[GRLUG] A data organization problem related to tags. Any database experts around?

Tue Apr 13 15:21:48 EDT 2010

Ok, I'm going to try this again, a bit humbler, and with a bit clearer head.

On Mon, Apr 12, 2010 at 9:24 PM, Adam Tauno Williams
<awilliam at whitemice.org> wrote:
>> The simplest way to implement it might be a tag table, or a simple
>> key-value pair table that can associate every object with any other
>> object. That seems problematic, though, because that table is going to
>> get *huge*, and the larger it gets, the more expensive it will be to
>> query and update it.
>
> Define "huge".  I see this argument occasionally, and generally I think
> it is bogus.  As a wise man said: 'premature optimization is evil'
> -Knuth.

I'll admit; this got me a little steamed, as not only is at a classic
and known quote, but I felt it completely irrelevant to the point of
what I was to ask. I described my problem, and I've since described
where I expect it to have scalability problems, what with the
potential exponential increase in relationships based on the various
ways of considering the source data.

I'm also not trying to look for optimization so much as consider a
base structure. Once a thing is written, it becomes harder and harder
to change it. With an RDBMS, a tag table would probably be fine where
I am currently, but I expect the record count to grow into the
millions within a year.

I also didn't mentioning versioning, but I don't think the tag table
necessarily needs to be versioned; I think that can be managed as part
of reparsing the example body during a rollback.

>
> On any, remotely modern, RDBMS you are going to have no problems at all
> until that table is well into the millions of records.
>
> And the issue is not really record count - but value cardinality.  A low
> cardinality causes indexes trees to be deep and expensive to update, and
> slower to search.  A higher cardinality - which is common for a
> linking/tagging example - will scale much more efficiently.

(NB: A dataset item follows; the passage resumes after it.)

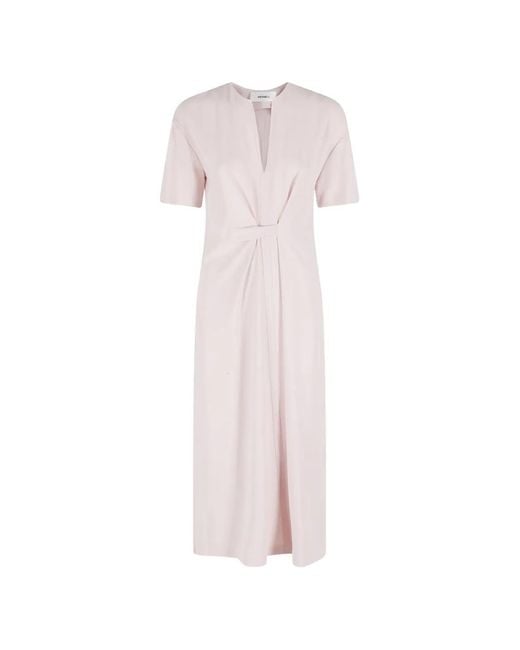 MEIMEIJ Pink Twist-Detail V-Neck Midi Dress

I had difficulty thinking through the cardinality issue last night.
Let's say I've got 2000 tags in use, 100,000 examples, each example
averages 30 tags, for a total around 3,000,000 rows. The cardinality
of the index of the exampleID column would be 100,000, while the
cardinality of the tagID column would be 2,000, correct? That does
seem like a comfortably-smaller set of numbers.

>
> With low cardinality - if you EXPLAIN your queries - you'll frequently
> discover that your RDBMS' optimizer is [wisely] discarding your
> carefully [or not] crafted indexes anyway, regardless of table size.
>
> In addition to that every modern [which possibly excludes MySQL - but,
> seriously, who cares?] supports conditional indexes and fragmented
> tables.   These let you keep the simple link-table design [easily
> supported in all languages] while having the increased scalability of a
> more 'chunky' design.
>
> For example, in OGo, we have an obj_info table;  which is basically
> [with some dressing]: link_id INT, source_id INT, target_id INT.  Since
> source_id and target_id have a naturally high cardinality you can pretty
> much pour as much linking in there as you want.
>
> Worried about index depth or append speed?  Create multiple fragmented
> indexes:
>
> create index obj_link_1m on obj_link(target_id) WHERE target_id >
> 1000000 AND target_id < 2000000;
> create index obj_link_2m on obj_link(target_id) WHERE target_id >
> 1000000 AND target_id < 2000000;
> create index obj_link_3m on obj_link(target_id) WHERE target_id >
> 2000000 AND target_id < 3000000;
>
> .. or whatever ..
>
> Don't worry, the optimizer will choose the correct one.
>
> You can do an equivalent [with slightly different syntax] in Informix,
> DB2, or M$-SQL.   Each also provides transparent ways to fragment to
> data table itself [though the details of their strategies differ quite a
> bit - they all work].
>
> Unless your RDBMS tables balloon into the hundreds of millions of
> records most performance problems point to DBA incompetence or just
> apathy.

I do expect the tag relationship table to grow; the relationships I
described earlier are nowhere near where I want to stop.

> Know thy tools!

That last line rubbed a little raw, too, considering the ^&*% I've had
to go through to keep the site working reasonably well in confined
spaces, in spare minutes on lunch breaks and other obligatory time
concerns.

-- 
:wq